Jeu de rôle, définitivement. L’enquête ne suit pas un script strict. L’expérience et l’immersion narrative en constituent l’essence, comme un mini-jeu de rôle grandeur nature. A la manière de Pour la Reine ou Rituels de For The Story, le jeu mise sur une improvisation guidée par des cartes. Il nécessite un peu de temps de préparation et l’investissement de l’un des joueurs pour tenir le rôle de facilitateur, c’est-à-dire savoir expliquer la mise en place et les étapes de la partie.
Alice is missing peut se jouer à distance, l’éditeur Hunters entertainment ayant préparé les outils pour l’héberger sur des plateformes de jeu (via Roll20 ou Discord) mais on peut le faire soi-même, via Whatsapp ou Messenger, avec un peu de travail de mise en place. C’est l’un de ses paradoxes : on peut être séparés mais l‘expérience est encore meilleure avec la proximité des joueurs, notamment durant le débriefing.
Un jeu qui divise
…pour différentes raisons.
La première est sa forme. Beaucoup reprochent une inflation du texte du manuel de jeu, qu’ils attribuent à l’écriture et le propos, tous deux inclusifs. Sachant la frilosité du public francophone à tout ce qui touche à la neutralité de genre ou aux questions de sécurité émotionnelle dans le jeu, on ne peut que saluer l’éditeur français Origames d’avoir respecté l’approche de la version originale. La note d’intention est au moins claire, même si elle ne brosse pas tous les publics dans le sens du poil. La mise en place est au final assez claire et très bien résumée pour qui veut se lancer immédiatement.
La deuxième est sa finalité. De nombreux joueurs sont décontenancés par l’aspect non conclusif du récit.

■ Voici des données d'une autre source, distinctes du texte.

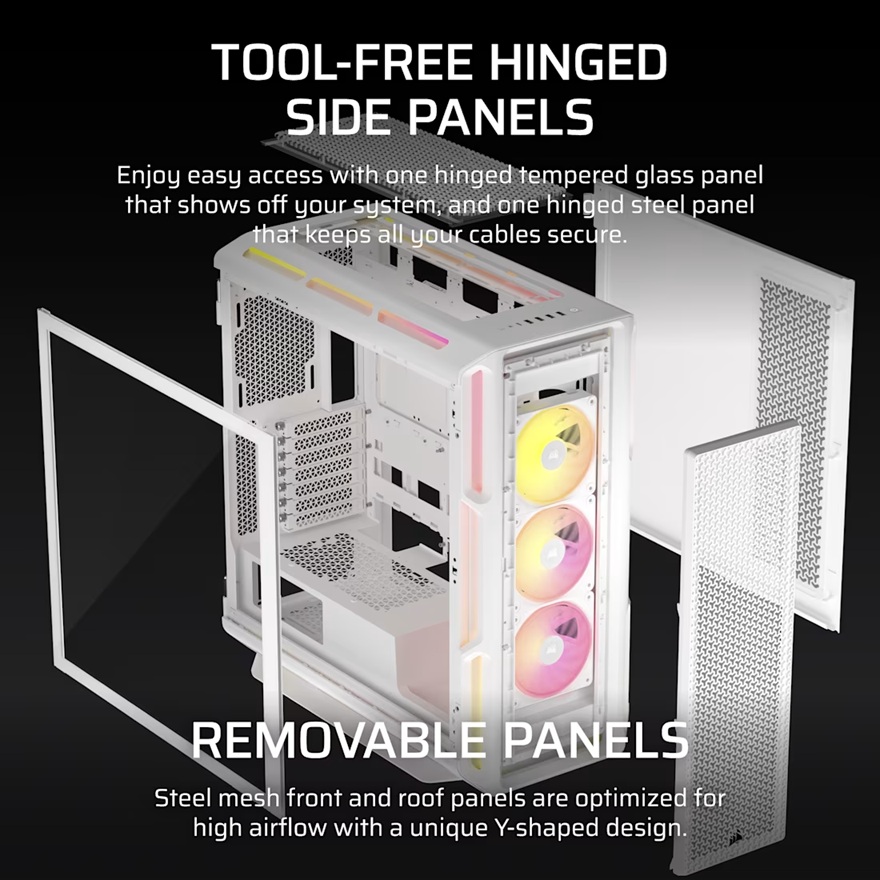 Corsair iCUE LINK 5000T LX RGB Mid-Tower High-Performance PC Case - White, ATX, 450mm GPU, 170mm CPUcooler, 360mm rad, 3x LX120 RGB, 1x USB-C 3.2 Gen2 image 3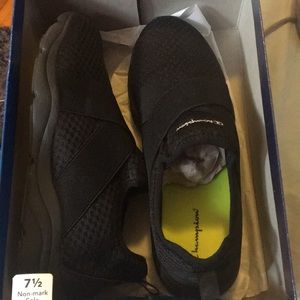 Champion black slip on sneakers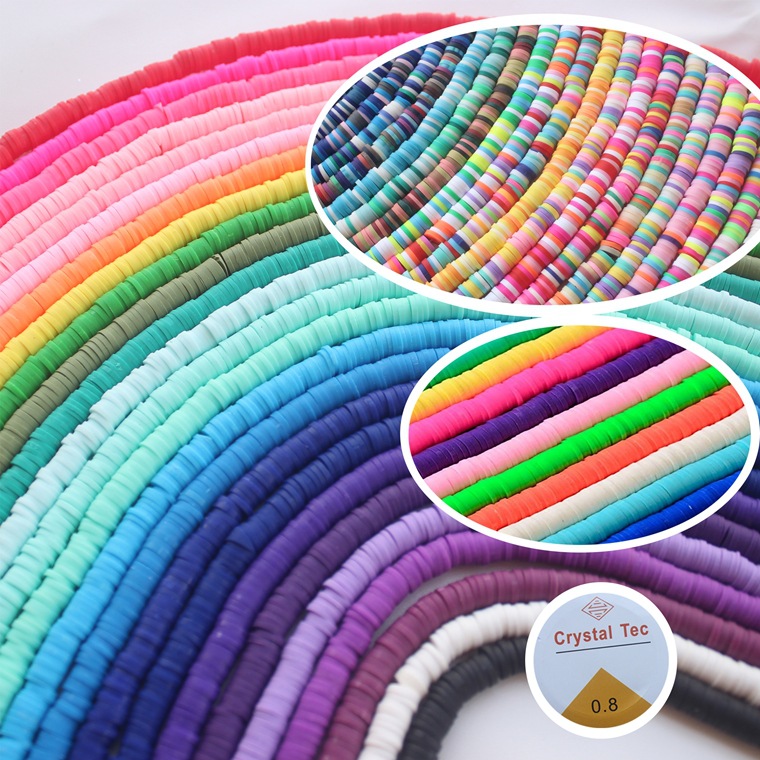 Color soft pottery 6mm round spacematic hand chain necklace accessories soft plasma peer bead Bohemian wind beads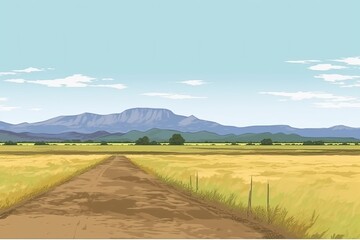 Canvas Print - scenic dirt road with mountainous landscape. Generative AI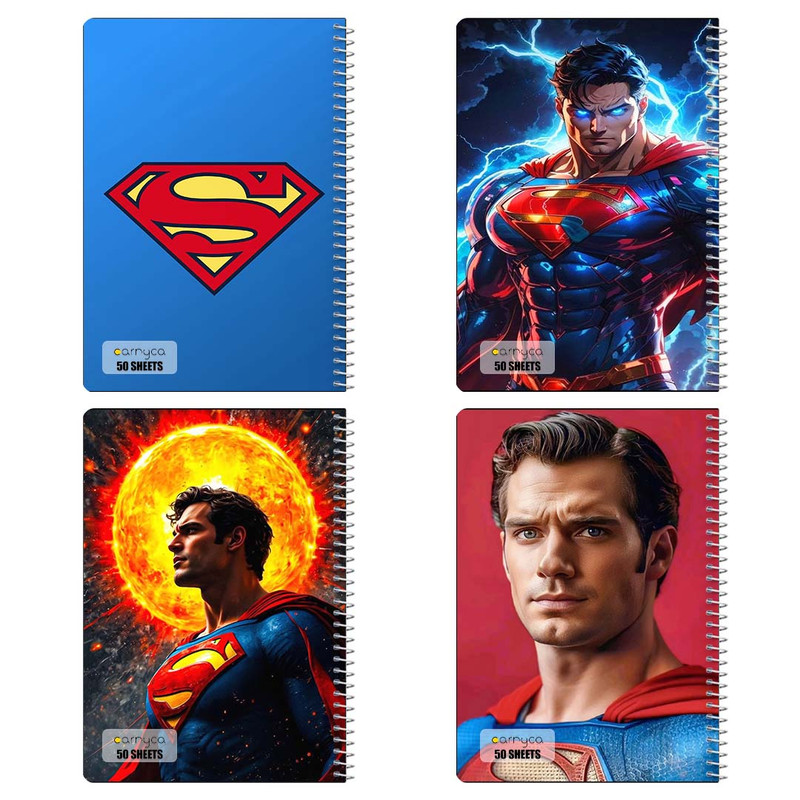 دفتر نقاشی 50 برگ کارنیکا طرح سوپرمن Superman کد 66745 مجموعه 4 عددی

Vous pouvez construire une infinité de récits, mais ils peuvent se terminer de manière abrupte, en laissant des fils d’intrigue en suspens, des mystères irrésolus et, pire pour pas mal de critiques, le destin d’Alice incertain.
Alice is missing fait partie de ces expériences culturelles où le voyage est plus important que la destination. Peut-être qu’au terme de votre session, vous arriverez à une issue fermée mais vous vous rappellerez surtout l’atmosphère et les rebondissements.
Le silence après du Alice is missing est encore du Alice is missing.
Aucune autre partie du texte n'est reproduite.